Sehab intensifica fiscalização de unidades habitacionais

Para assegurar que as casas entregues pelo governo estão sendo ocupadas pelos beneficiários cadastrados regularmente pelo estado, a equipe da Secretaria de Habitação do Acre está realizando fiscalizações em unidades habitacionais.

De acordo com a secretária de Habitação, Janaína Guedes, em agosto do ano passado a Sehab e a Procuradoria-Geral do Estado (PGE) elaboraram uma instrução normativa que regulou o processo de retomada de imóveis, que poderá correr quando o beneficiário alugar, vender, ceder, trocar ou abandonar o imóvel.

“Até então a Sehab já tinha essa responsabilidade, mas não tinha regulamentação que dizia como tinha que ser esse procedimento.

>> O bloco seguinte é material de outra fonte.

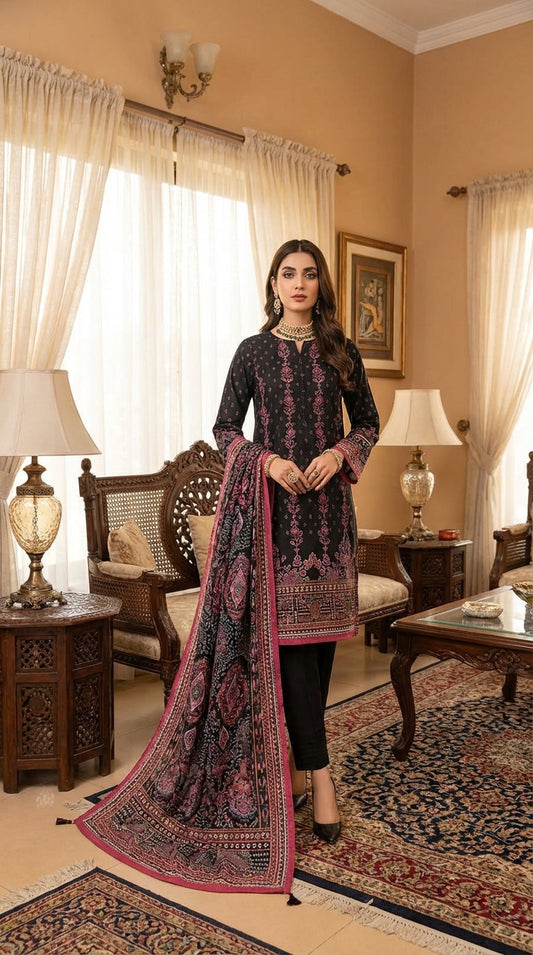 Bareeze brand  Ladies 3 Piece Lawn Suit – Unstitched – Summer Collection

Quando se retoma uma casa, destina-se a quem precisa”, pontuou a gestora.

Janaína Guedes explica que a fiscalização ocorre de casa em casa. Quando é verificada alguma situação irregular, o fiscal notifica o morador presente ao local, solicitando que o ocupante responsável pelo imóvel compareça à Sehab.

“Nessas fiscalizações, às vezes constatamos que quem está ocupando a casa não é o beneficiário cadastrado na secretaria. As irregularidades detectadas na fiscalização são publicadas no Diário Oficial. Na última publicação foram 21 notificações, mas já temos mais de 50 processos de retomada de imóveis”, revela Janaína Guedes.

A secretária esclarece que a publicação no Diário Oficial do Estado é uma recomendação da Instrução Normativa que visa dar transparência aos fatos.

Depois de feita a publicação, é dado um prazo de 15 dias para que o ocupante do imóvel apresente sua defesa. “Uma comissão avalia o processo, que tem prazo de duração de 90 dias, podendo ser prorrogado por mais 90 dias. Após análise, a comissão apresenta o parecer final que consta se o ocupante poderá ou não permanecer no imóvel”, detalha.

Auxílio na fiscalização

Segundo a secretária de Habitação, cabe à Sehab a responsabilidade de fiscalizar todos os loteamentos que o estado entregou. São as unidades habitacionais em que a relação foi firmada, contratualmente, entre o estado e o beneficiário.

Mas há casos que o beneficiário assinou contrato com a Caixa ou o Banco do Brasil, como por exemplo nos loteamentos Rui Lino e Cidade do Povo.

“Nesses casos, cabe aos bancos fiscalizar. Contudo, isso não acontece porque as instituições alegam não ter ‘pernas’ para fiscalizar, e a Sehab também acaba assumindo a regulação, para que, em caso de ocupações irregulares, seja feita a retomada do imóvel”, conta Janaína Guedes.

Os casos que se enquadram nessa situação são informados às instituições bancárias responsáveis.